Well here's one my brother told me about

bubble level (there are many of them)


I loaded one yesterday and just today I had a thermostat to reinstall (after papering BEHIND it) and it was poop load easier than digging out my torpedo. 

Also, and I know others do this, instead of writing down which wires went to which terminal (it was heat and AC) I snapped a pic.


----------



## Epoxy Pro (Oct 7, 2012)

I have one called Abby Business Card Reader. Take a pic of the business card and you have the option to save it to your contacts. 

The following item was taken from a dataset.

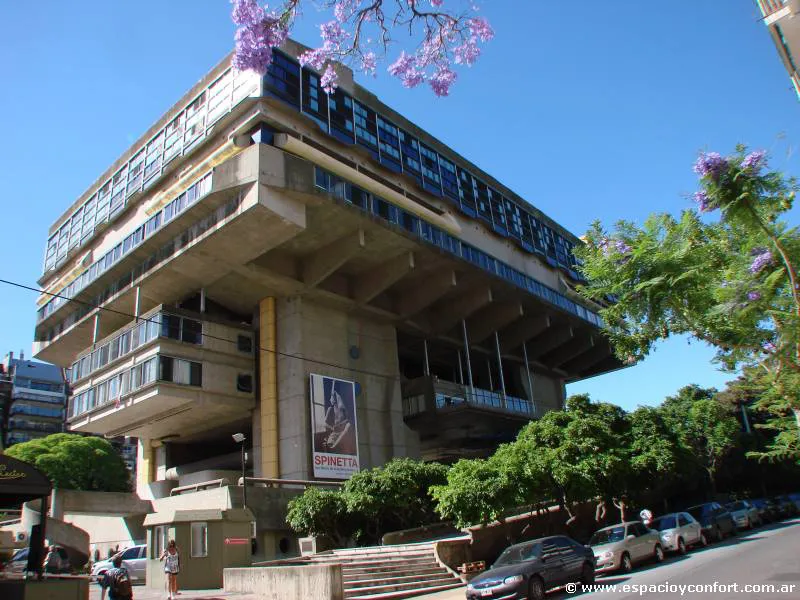 Con historia fundacional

Stream TV pro (paid version) watch almost any tv channel or movie channel (it works pretty dang good) and

google voice+ (our business # is a google # we have the option to either choose to call from our cell # or google # (depending on choice will depend on what shows on caller ID)


----------



## daArch (Mar 15, 2008)

how about "scanner pro" ?

Makes a pdf of anything you take a picture of. Using it on an iPad is a LOT better quality than iPhone or iTouch

Also, did you all know that Dragon makes a very decent FREE voice to text for those devices without Siri ?


----------



## Danahy (Dec 11, 2008)

"Measures" iPad app. Draw measurements over photos.


----------



## chrisn (Jul 15, 2007)

daArch said:


> Do we have a cool apps thread yet?
> 
> Well here's one my brother told me about
> 
> ...


 
good lord, you have one of those new fangled "smart" phones?????????????????


----------



## Rbriggs82 (Jul 9, 2012)

I would have bet money that Bill's still rocking the Zack Morris brick.  

Sent from my SAMSUNG-SGH-I337 using Tapatalk


----------



## daArch (Mar 15, 2008)

chrisn said:


> good lord, you have one of those new fangled "smart" phones?????????????????

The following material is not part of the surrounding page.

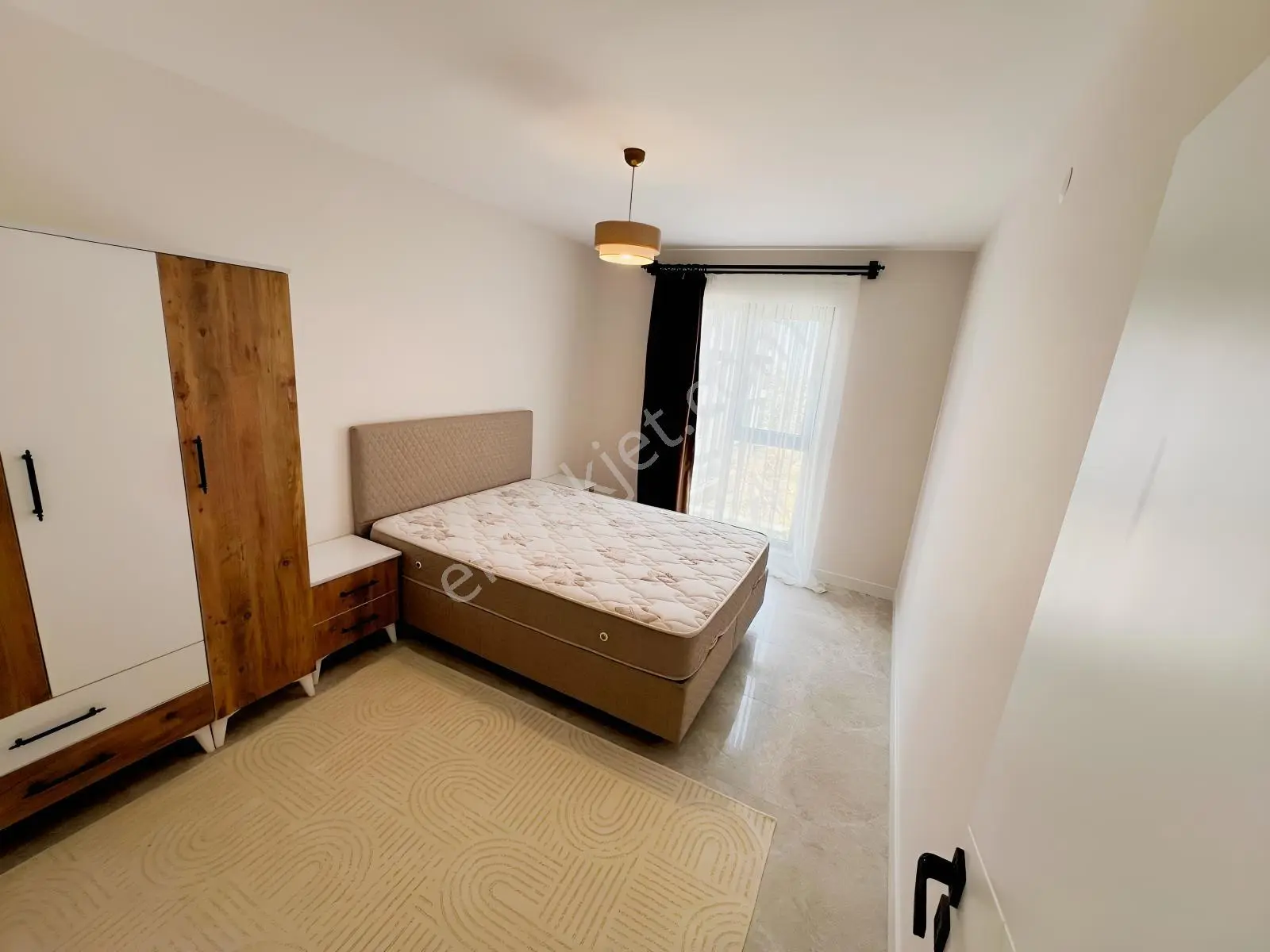 İncek 'Te Kiracılı Full Esyalı Yatırıma Uygun Satılık Daire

HELL NO! I bought Jake's iTouch when he migrated to a Galaxy 5.


----------



## daArch (Mar 15, 2008)

Rbriggs82 said:


> I would have bet money that Bill's still rocking the Zack Morris brick.
> 
> Sent from my SAMSUNG-SGH-I337 using Tapatalk


And you'd be virtually correct. Mine's a five year old Pantech Reveal


----------



## Hines Painting (Jun 22, 2013)

They make apps for that still?


Sent from my RM-820_nam_att_100 using Tapatalk


----------



## chrisn (Jul 15, 2007)

daArch said:


> HELL NO! I bought Jake's iTouch when he migrated to a Galaxy 5.


you mean he actually paid for it:blink:


----------



## daArch (Mar 15, 2008)

Hines Painting said:


> They make apps for that still?
> 
> 
> Sent from my RM-820_nam_att_100 using Tapatalk


NO, I don't think apps were ever made for that phone. I use 'em on the iTouch


----------



## PressurePros (May 6, 2007)

Hines Painting said:


> They make apps for that still?
> 
> 
> Sent from my RM-820_nam_att_100 using Tapatalk


 Tetris


----------



## Rbriggs82 (Jul 9, 2012)

PressurePros said:


> Tetris


nah that's too advanced, Snake is more like it. :yes:


----------



## Jmayspaint (Mar 26, 2013)

Rbriggs82 said:


> nah that's too advanced, Snake is more like it. :yes:


 
Snake bite? That and Oregon trail is all I can remember from computers in school.


----------



## Rbriggs82 (Jul 9, 2012)

Jmayspaint said:


> Snake bite? That and Oregon trail is all I can remember from computers in school.


The old school Oregon Trail on big floppy disk was the best!


----------



## Hines Painting (Jun 22, 2013)

If they made Oregon trail or number munchers for windows 8 I would buy them both without hesitating!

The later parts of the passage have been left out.